I have this dataset:
text sentiment
randomstring positive
randomstring negative
randomstring netrual
random mixed
Then if I run a countmap
i have:
"mixed" -> 600
"positive" -> 2000
"negative" -> 3300
"netrual" -> 780
I want to random sample from this dataset in a way that I have records of all smallest class (mixed = 600)
and the same amount of each of other classes (positive=600, negative=600, neutral = 600)
I know how to do this in pandas:
df_teste = [data.loc[data.sentiment==i]\
.sample(n=int(data['sentiment']
.value_counts().nsmallest(1)[0]),random_state=SEED) for i in data.sentiment.unique()]
df_teste = pd.concat(df_teste, axis=0, ignore_index=True)
But I am having a hard time to do this in Julia.
Note: I don´t want to hardcode which of the class is the lowest one, so I am looking for a solution that infer that from the countmap
or freqtable
, if possible.
Why do you want a countmap
or freqtable
solution if you seem do want to use a data frame in the end?

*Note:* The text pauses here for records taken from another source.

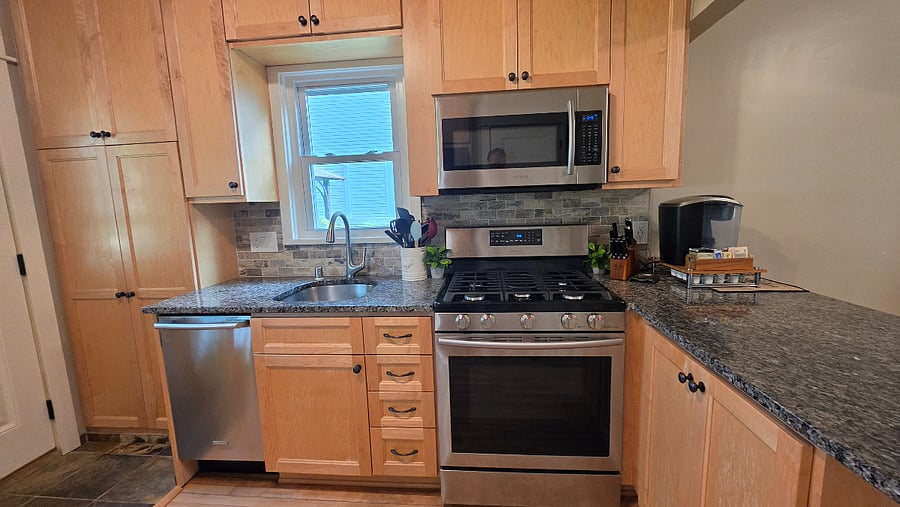 Furnished Finder property 1013672_1 photo 10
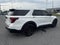 2021 Ford Explorer ST 4WD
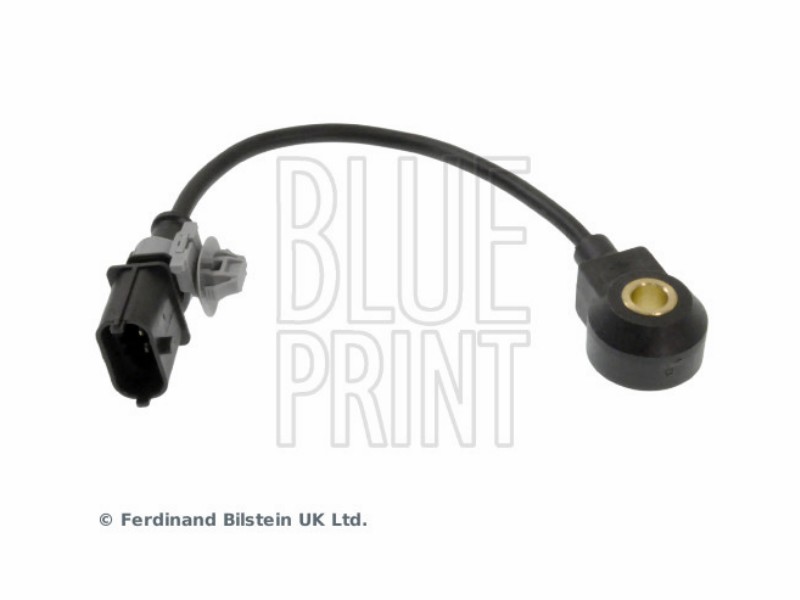 Sensore di battito Toyota corolla altis (ZZE121) 1.6 1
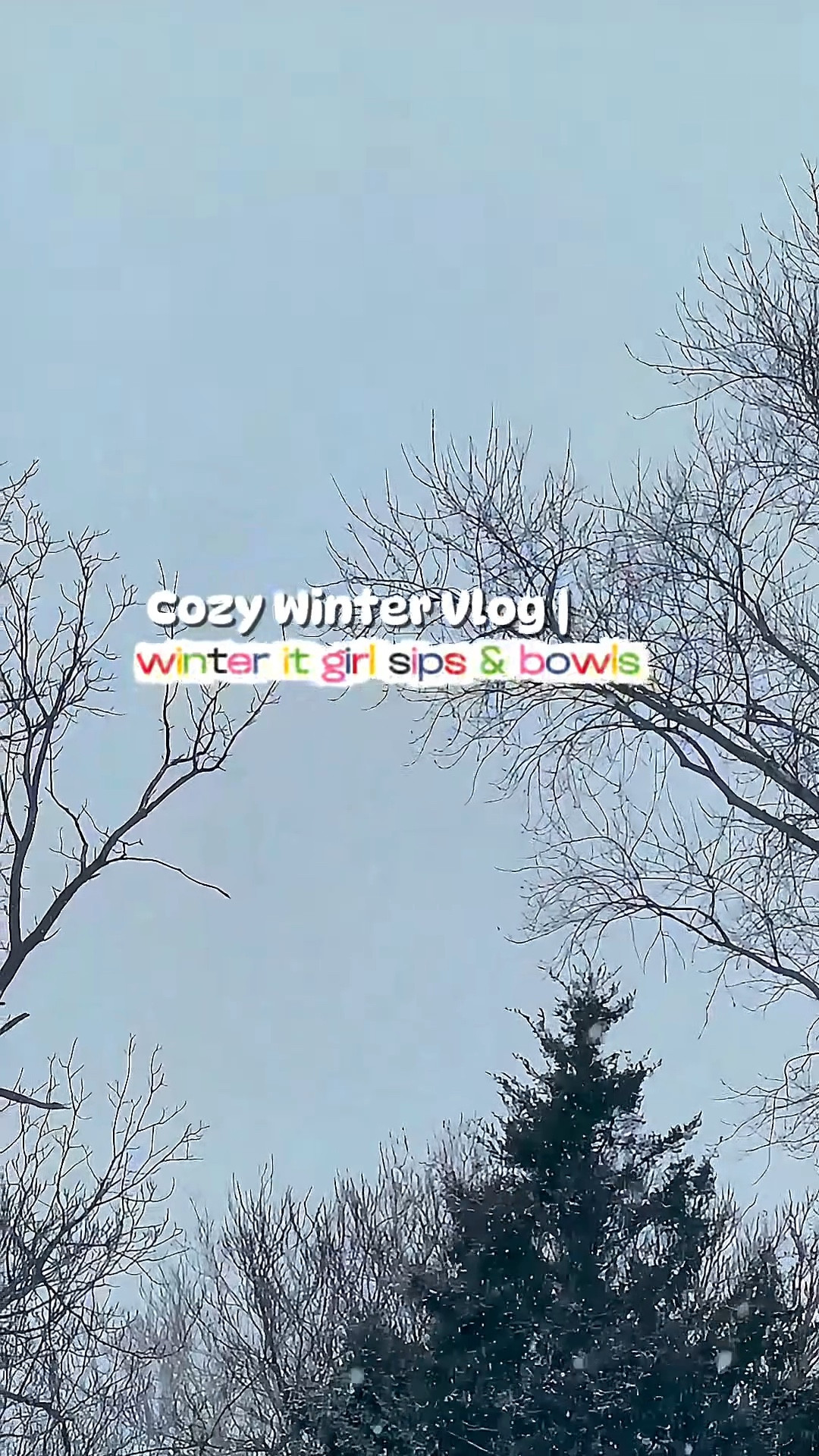 Cozy winter wellness 🤍
sips, bowls & slow afternoons

Save this for your next cozy day & follow for more soft wellness moments ✨

Added my bowl building favorites below 👇🏽🥰

#cozywinter #itgirlaesthetic #softlife #winterwellness #healthylifestyle

#LTKfoodie #LTKvlog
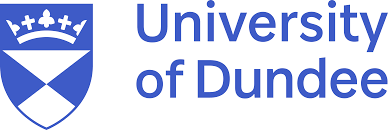 UNIVERSITY OF DUNDEE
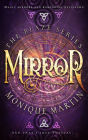 Mirror (The Blaze Series, 2)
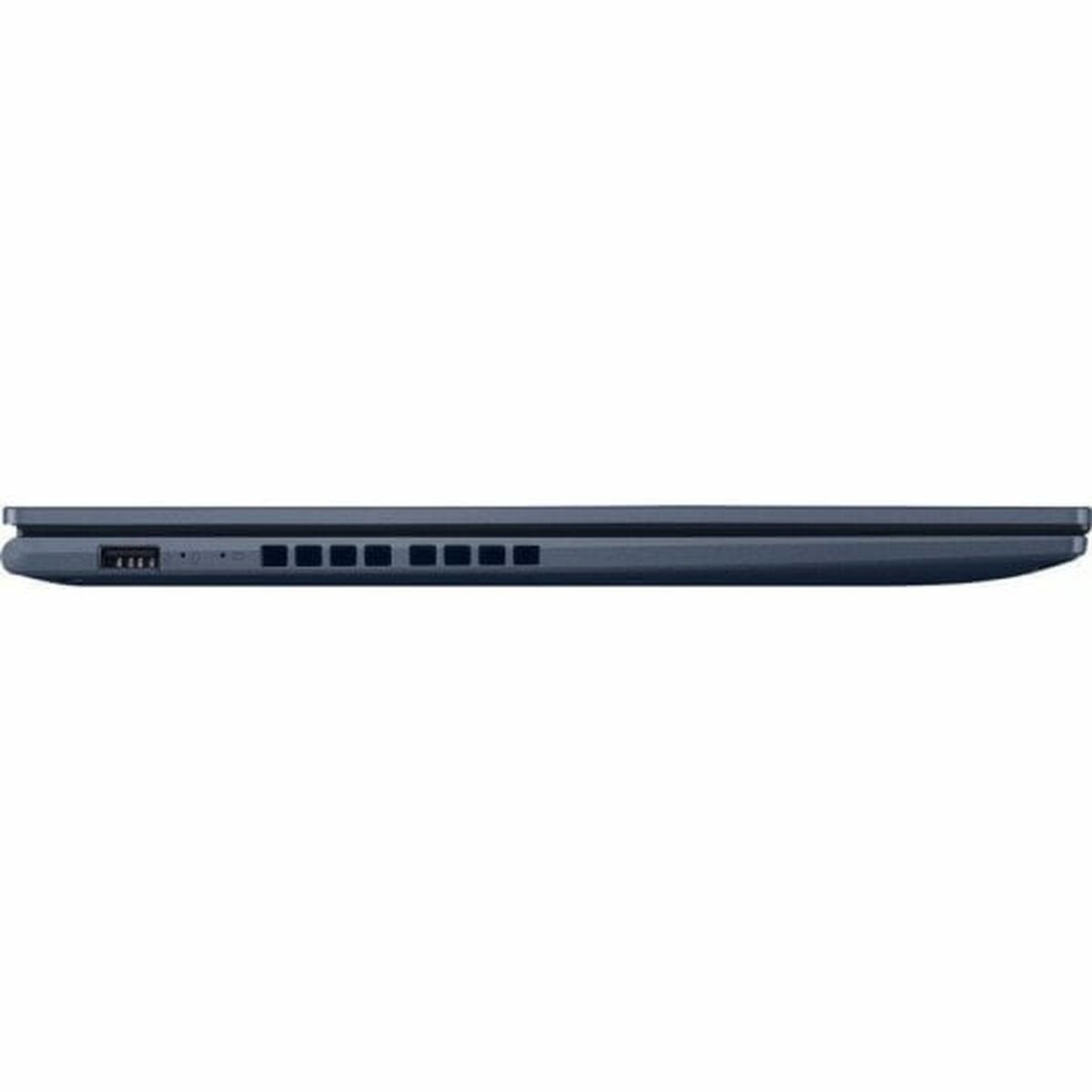 Bärbar dator Asus VivoBook 15 P1502CZA-EJ1728X 15,6" Intel Core I3-1215U 8 GB RAM 512 GB SSD - 6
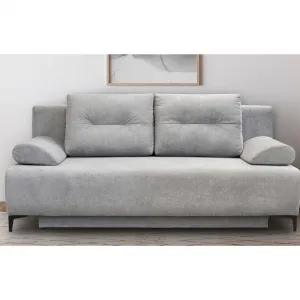 POHOVKA BOXSPRING VIERA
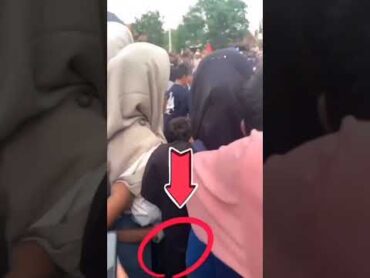 دختررو انگشت میکنه…😐😡 تحرش جنسی مالیدن دختر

This is how you would do this with DataFrames.jl (but without StatsBase.jl and FreqTables.jl as they are not needed for this):
julia> using Random
julia> using DataFrames
julia> df = DataFrame(text = [randstring() for i in 1:6680],
sentiment = shuffle!([fill("mixed", 600);
fill("positive", 2000);
fill("ngative", 3300);
fill("neutral", 780)]))
6680×2 DataFrame
Row │ text sentiment
│ String String
──────┼─────────────────────
1 │ R3W1KL5b positive
2 │ uCCpNrat ngative
3 │ fwqYTCWG ngative
⋮ │ ⋮ ⋮
6678 │ UJiNrlcw ngative
6679 │ 7aiNOQ1o neutral
6680 │ mbIOIQmQ ngative
6674 rows omitted
julia> gdf = groupby(df, :sentiment);
julia> min_len = minimum(nrow, gdf)
600
julia> df_sampled = combine(gdf) do sdf
return sdf[randperm(nrow(sdf))[1:min_len], :]
end
2400×2 DataFrame
Row │ sentiment text
│ String String
──────┼─────────────────────
1 │ positive O0QsyrJZ
2 │ positive 7Vt70PSh
3 │ positive ebFd8m4o
⋮ │ ⋮ ⋮
2398 │ neutral Kq8Wi2Vv
2399 │ neutral yygOzKuC
2400 │ neutral NemZu7R3
2394 rows omitted
julia> combine(groupby(df_sampled, :sentiment), nrow)
4×2 DataFrame
Row │ sentiment nrow
│ String Int64
─────┼──────────────────
1 │ positive 600
2 │ ngative 600
3 │ mixed 600
4 │ neutral 600
If your data is very large and you need the operation to be very fast there are more efficient ways to do it, but in most situations this should be fast enough and the solution does not require any extra packages.